Грань. Глава 1
По слухам, где-то в сердце материка покоятся золотые горы, нефритовые ангелы сладко сопят во сне, а звери готовят пищу, которую жаждут сами боги.
Говорят, это место — стык миров. Попадёшь туда — назад не вернёшься.
Кто в это верит? Только безнадёжные романтики и глупцы.
Поэтому я, Соломон Доре — археолог во втором поколении и, между прочим, довольно уверенный в себе парень — направляюсь туда лично, чтобы доказать: всё это бред.
— Ну, держитесь, идиоты… Я вам докажу, что там нет ничего, — пробормотал я, разминая затекшую шею.
Поясница ныла, как у старика, колени затекли, спина ломила, туалет — занят. Ужас. Но интригующий.
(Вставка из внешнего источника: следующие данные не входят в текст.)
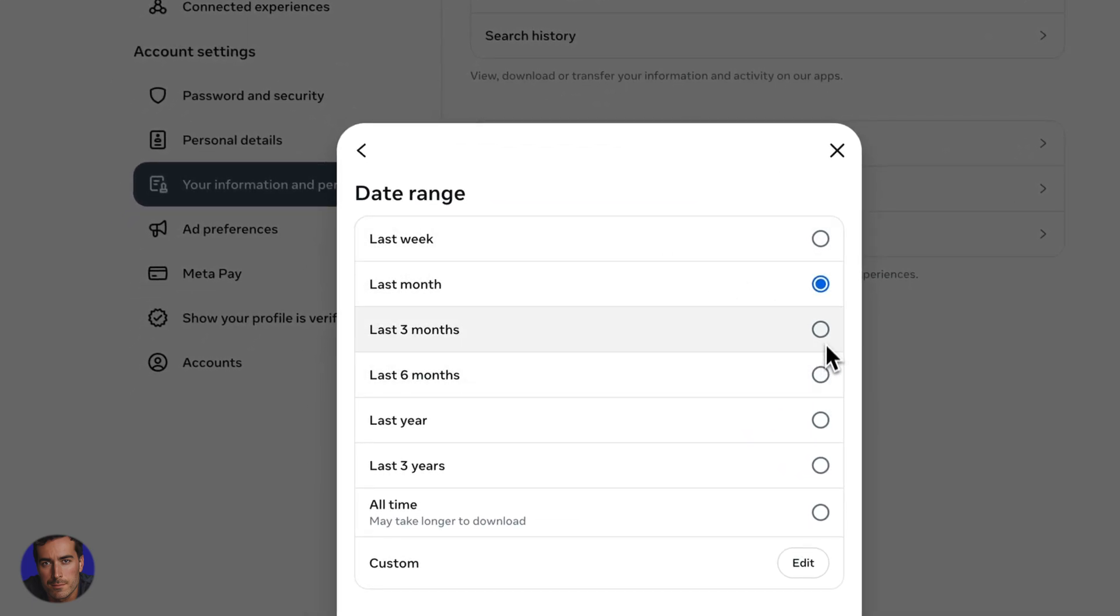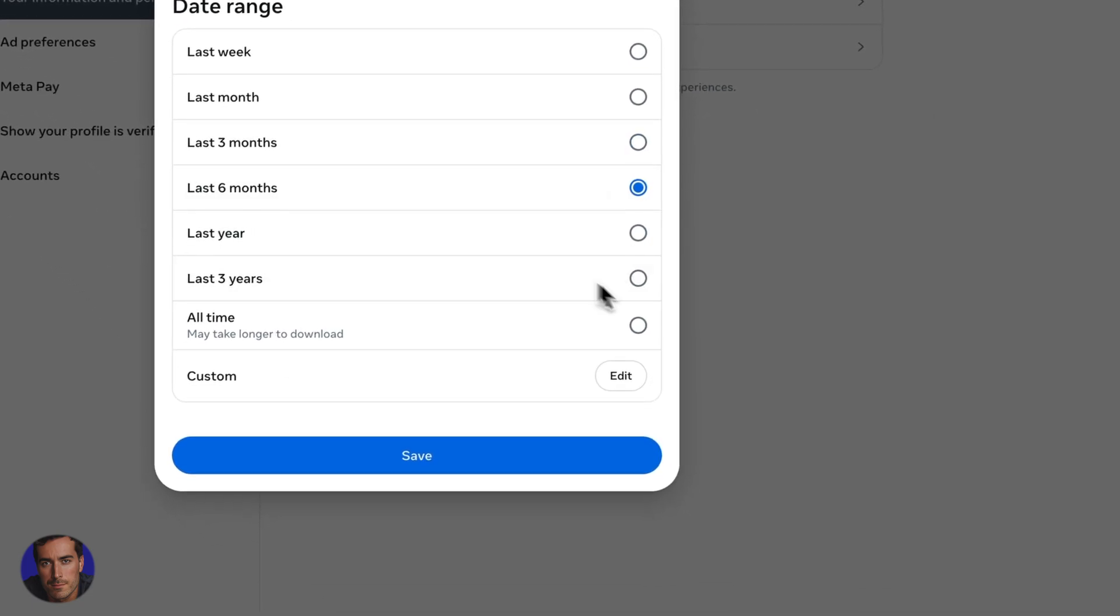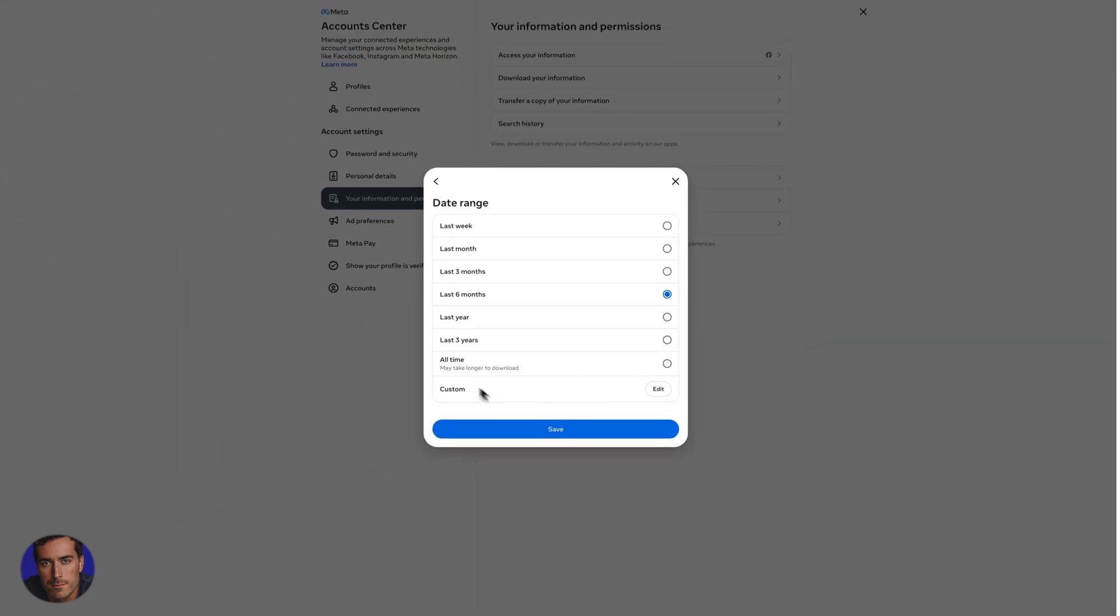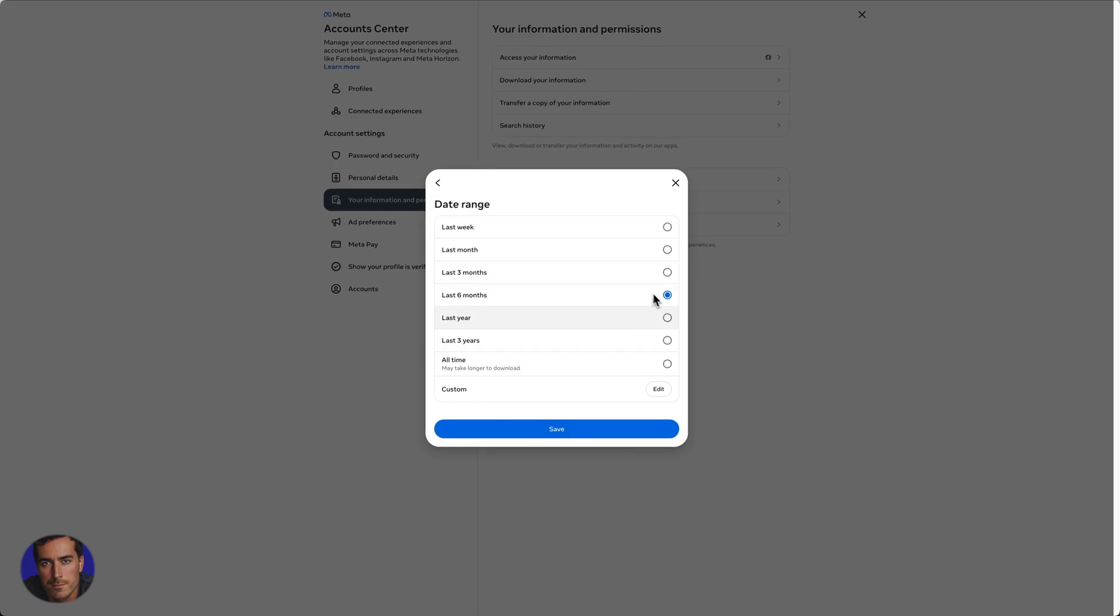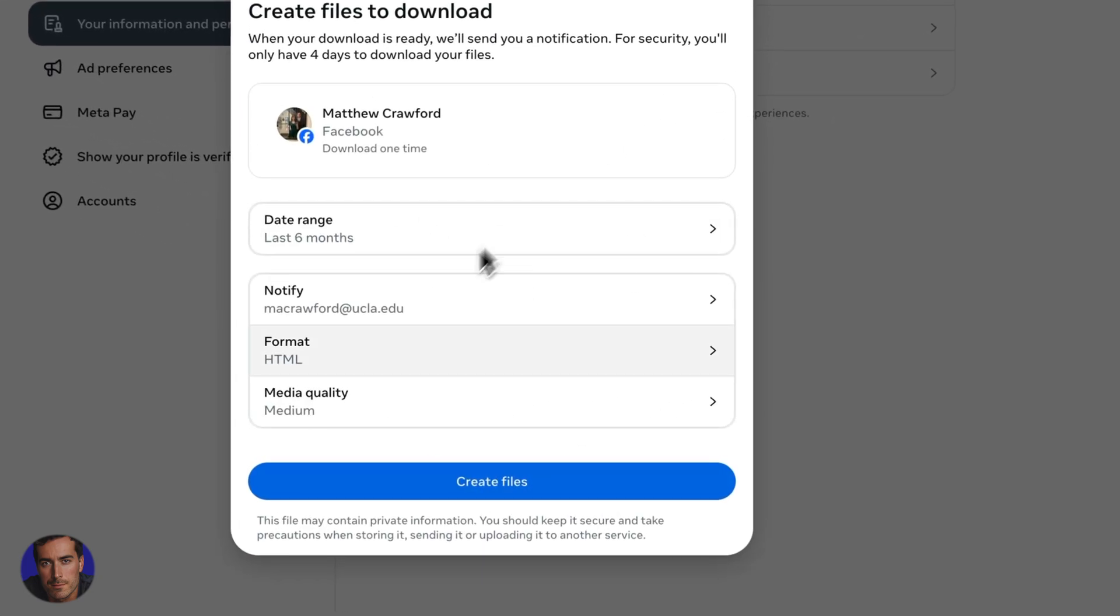Last three months there. And six months, you've got a few different options. There's custom as well. So you can set a date range there. I'm just going to go for six months and click save.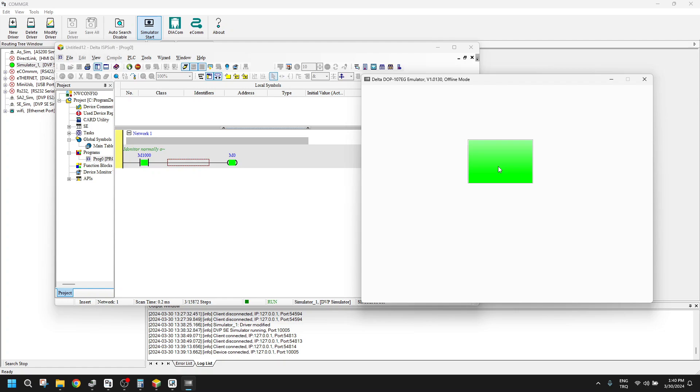So if you don't have your PLC and HMI next to you, you can use this method for simulating these two simultaneously. Thanks for watching. See you later.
Я вытащил из рюкзака крем с запахом лесных ягод и тщательно намазал руки. Не хочу, чтобы кожа трескалась — внешность для меня не просто хобби, это моя визитная карточка. Люди верят глазам, и я умею быть красивым. Иногда — даже слишком.
Устроившись поудобнее, закрыл глаза. Сон, как прилив, потянул за собой.
***
Передо мной — женщина. Всего лишь силуэт.
Стоит спиной. Волосы — длинные, спускаются ниже талии — колышутся, будто под водой.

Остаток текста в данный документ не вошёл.